American artist and playwright (1938–1997)

Olaf Odegaard (December 15, 1938 – December 25, 1997), better known by his pen name Olaf, was an American artist and playwright active in the latter half of the twentieth century, known for his homoerotic illustrations.

Olaf's art explores themes such as the devil, satyrs, and BDSM, including master/slave relationships. He is most well known for his graphite pencil drawings.

== Biography ==
Olaf was born in Wisconsin. He graduated from Carroll College in Waukesha in 1961. Olaf was actively involved in campus life at university. He variously wrote, directed, crewed, or starred in multiple theater productions including Macbeth, The Lady's Not For Burning, and Rashomon. He joined the Phi Theta Pi fraternity in 1958 became president of Alpha Psi Omega in 1960, and won numerous awards and honors for art and theater. In 1961, he won second place in the President's Cup oratory contest for a speech in which he "suggested that pornographic or "sick" humor is gradually replacing clever satire." That same year, Olaf and several classmates appeared on the television show "About Faces."

Olaf continued his education at Harvard Divinity School and the University of Tokyo, after which he obtained a Master of Fine Arts in play-writing from the University of Hawaii.

Olaf's erotic artwork gained prominence through features in Drummer magazine. In 1985, 30 of his erotic illustrations were published in Personals: Only Real Men Need Reply by Glenlee Enterprises; a portion of all sales from the book were donated to charity for AIDS victims.

In 1986, Olaf organized Naked Eyes, an artist showcase highlighting gay men's visual art for the International Gay and Lesbian Archives, featuring Harry Bush, Domino, The Hun, MATT, Steve Masters, Dom Orejudos, Rex, Sean, and Bill Ward, among others. His art was also exhibited at Fey-Way Studios.

Olaf reportedly lived a solitary life and struggled with housing insecurity. However, he developed close relationships with Jim Kepner and Durk Dehner, both of whom supported Olaf at times to prevent him from becoming homeless. With Dehner's help, Olaf moved into a home in Silver Lake, Los Angeles.

Cover of Beasts & Beauties: The Erotic Art of Olaf

In 1996, Dehner and the Tom of Finland Company published a 64-page book of Olaf's work entitled Beasts and Beauties: The Erotic Art of Olaf.

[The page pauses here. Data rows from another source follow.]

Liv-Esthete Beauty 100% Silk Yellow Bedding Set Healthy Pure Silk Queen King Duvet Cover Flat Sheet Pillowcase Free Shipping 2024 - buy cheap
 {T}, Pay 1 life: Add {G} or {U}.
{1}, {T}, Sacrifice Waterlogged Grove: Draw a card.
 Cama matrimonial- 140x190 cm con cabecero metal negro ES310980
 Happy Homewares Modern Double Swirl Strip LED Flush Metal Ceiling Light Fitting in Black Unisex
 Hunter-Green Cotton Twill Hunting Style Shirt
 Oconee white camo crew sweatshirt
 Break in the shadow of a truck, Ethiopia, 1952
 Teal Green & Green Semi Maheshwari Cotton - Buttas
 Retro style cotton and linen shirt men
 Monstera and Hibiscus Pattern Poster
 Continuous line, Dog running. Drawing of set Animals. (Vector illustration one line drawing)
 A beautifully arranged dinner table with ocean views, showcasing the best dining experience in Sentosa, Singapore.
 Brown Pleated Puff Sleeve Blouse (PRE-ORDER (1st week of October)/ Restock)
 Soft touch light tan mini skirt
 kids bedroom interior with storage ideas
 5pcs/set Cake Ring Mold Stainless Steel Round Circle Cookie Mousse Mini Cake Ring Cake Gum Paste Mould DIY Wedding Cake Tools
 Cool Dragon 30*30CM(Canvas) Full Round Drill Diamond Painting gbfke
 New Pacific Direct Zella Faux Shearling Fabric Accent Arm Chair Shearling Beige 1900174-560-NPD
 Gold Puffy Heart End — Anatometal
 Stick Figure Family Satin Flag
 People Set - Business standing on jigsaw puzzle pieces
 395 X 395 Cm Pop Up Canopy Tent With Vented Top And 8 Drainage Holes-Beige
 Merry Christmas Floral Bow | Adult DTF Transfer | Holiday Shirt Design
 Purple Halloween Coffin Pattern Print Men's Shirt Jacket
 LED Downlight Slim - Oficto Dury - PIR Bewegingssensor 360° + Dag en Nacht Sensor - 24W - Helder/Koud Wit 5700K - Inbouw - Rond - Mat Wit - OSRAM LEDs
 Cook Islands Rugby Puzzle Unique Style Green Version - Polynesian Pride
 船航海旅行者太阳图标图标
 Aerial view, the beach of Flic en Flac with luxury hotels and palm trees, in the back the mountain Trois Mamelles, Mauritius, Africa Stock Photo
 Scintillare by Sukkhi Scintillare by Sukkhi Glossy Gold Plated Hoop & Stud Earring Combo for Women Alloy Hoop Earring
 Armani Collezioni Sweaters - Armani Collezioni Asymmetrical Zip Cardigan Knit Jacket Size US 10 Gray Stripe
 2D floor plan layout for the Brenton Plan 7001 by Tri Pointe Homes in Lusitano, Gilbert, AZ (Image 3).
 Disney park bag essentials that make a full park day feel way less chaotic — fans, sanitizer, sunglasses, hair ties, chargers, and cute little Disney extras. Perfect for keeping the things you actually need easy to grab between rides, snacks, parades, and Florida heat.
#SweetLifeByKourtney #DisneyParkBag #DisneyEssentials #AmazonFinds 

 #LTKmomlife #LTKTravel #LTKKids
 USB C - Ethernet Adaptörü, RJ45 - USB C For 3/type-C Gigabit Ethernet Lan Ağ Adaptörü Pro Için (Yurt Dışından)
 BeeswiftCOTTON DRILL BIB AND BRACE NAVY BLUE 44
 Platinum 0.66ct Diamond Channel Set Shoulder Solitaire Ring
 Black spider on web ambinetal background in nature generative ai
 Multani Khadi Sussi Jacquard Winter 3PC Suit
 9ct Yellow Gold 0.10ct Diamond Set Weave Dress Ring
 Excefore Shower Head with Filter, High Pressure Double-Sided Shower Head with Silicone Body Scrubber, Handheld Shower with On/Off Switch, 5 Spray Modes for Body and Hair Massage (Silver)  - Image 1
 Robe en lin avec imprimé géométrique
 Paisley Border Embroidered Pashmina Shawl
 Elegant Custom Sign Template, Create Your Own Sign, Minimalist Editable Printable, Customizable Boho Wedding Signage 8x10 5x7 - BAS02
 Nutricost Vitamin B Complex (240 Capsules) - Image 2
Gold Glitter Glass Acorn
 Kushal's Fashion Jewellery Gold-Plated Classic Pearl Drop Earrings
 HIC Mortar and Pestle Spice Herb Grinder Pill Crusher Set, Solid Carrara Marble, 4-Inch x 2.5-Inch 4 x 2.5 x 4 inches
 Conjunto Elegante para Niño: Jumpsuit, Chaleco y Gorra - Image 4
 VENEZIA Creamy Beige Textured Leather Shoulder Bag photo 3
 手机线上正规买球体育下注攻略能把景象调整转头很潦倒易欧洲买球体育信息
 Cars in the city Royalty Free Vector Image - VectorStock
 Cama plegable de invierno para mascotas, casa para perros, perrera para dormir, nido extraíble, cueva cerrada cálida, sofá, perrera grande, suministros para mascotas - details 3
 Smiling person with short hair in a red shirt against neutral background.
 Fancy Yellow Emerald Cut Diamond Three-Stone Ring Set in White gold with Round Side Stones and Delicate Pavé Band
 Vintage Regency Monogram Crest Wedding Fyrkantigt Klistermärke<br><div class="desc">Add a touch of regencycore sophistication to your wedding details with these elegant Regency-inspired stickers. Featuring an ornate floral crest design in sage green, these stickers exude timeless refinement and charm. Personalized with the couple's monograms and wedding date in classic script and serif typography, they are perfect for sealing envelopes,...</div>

== Cultural impact and legacy ==
The Tom of Finland Foundation proclaimed Olaf to be the "erotic master of the graphite pencil" and one of the "greats" among Tom of Finland, Etienne, and Domino.

Olaf's remaining works were sold upon his death to fund his nephew's education. Although much of his art entered private collections, some of his works were acquired by the Leather Archives & Museum, ONE National Gay and Lesbian Archives, Leslie-Lohman Museum of Art, and Tom of Finland Foundation.

In 2015, Olaf's art was featured in The Stonewall Nation, a book and film by Sille Storihle exploring the history of the Stonewall Nation movement. Chuck Conner and Sean Platter cited Olaf as an inspiration for their 2008 comic series DEMONICSEX, which includes a foreword by Clive Barker.

In 2016, Olaf's work was featured in a retrospective by the GLBT Historical Society entitled "Stroke: From Under the Mattress to the Museum Walls." That same year he was also featured in Cock, Paper, Scissors, an exhibition and book published by the ONE Archives in collaboration with the Leslie-Lohman Museum.